I still did not suspect her. It was Maria, of course, who killed
my wife and child, Maria who attacked me. The man, that ogre-ish
creature I had made (and whom I believe she paid to have
brought back from Australia) was innocent of anything.

“She waited to tell me until the night came when she acceded
to my desire to possess her. She kept me in torment for two weeks
after she came to the house, an agonizing two weeks, for she
allowed me to kiss her, allowed me every familiarity other than
the final embrace.

“She came to my room late one night when the house was dark
and quiet and in the bed in which I now lie dying she gave herself
to me, coiled about me serpent-like, draining me of vital force, consuming
me. I knew I would never have enough of her. She was
Lamia. She was not Eve, my Eve, but Eve's bad counterpart, Lilith.

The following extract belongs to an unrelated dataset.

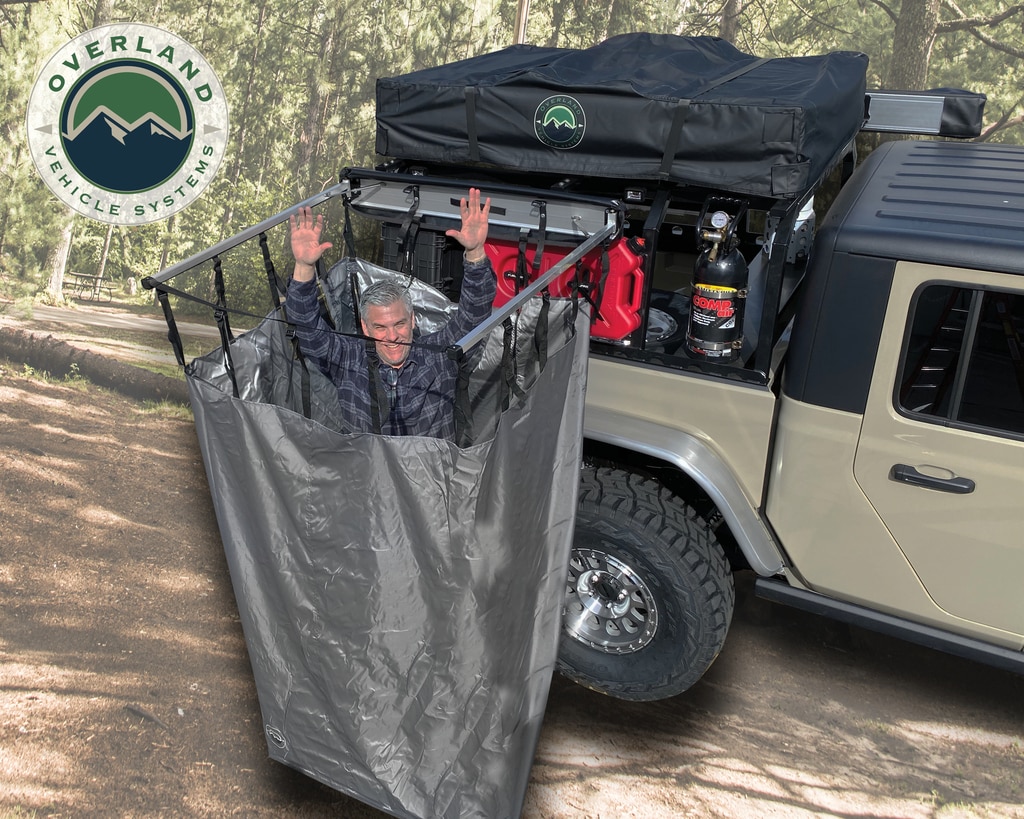 Overland Vehicle Systems Nomadic Quick Deploying Shower - Click Image to Close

“It was as I lay there, weak and extinguished yet utterly happy,
that she pointed to the scar on her shoulder, past relic of the fire
on Orkney from which she had escaped. She began to whisper. It
was at first not so much what she said than that she spoke at all,
which astounded me. She had been all along capable of speech!
And then, as she leaned over me in the bed, her long hair trailing,
I began to hear what she said—that she had known me all along,
that she had escaped my fire and smuggled herself aboard a boat
to Ireland, been picked up hungry and cold on the shore by tinkers
and taken to Dublin. It was true, she said, she could not speak at
first, for she had no language. Had she been able to speak, she
would have had nothing to say. She had no experience of the commonest
things of life, no account of herself to give, no past, no
memories except certain little trailing recollections of France as a
child, then a sharp memory of Paris streets and betrayal. Her only
vivid memories were of Orkney, of me, of Adam, my creature. Otherwise,
she knew nothing, remembered nothing, so what good
would words have been to her, even if she had them?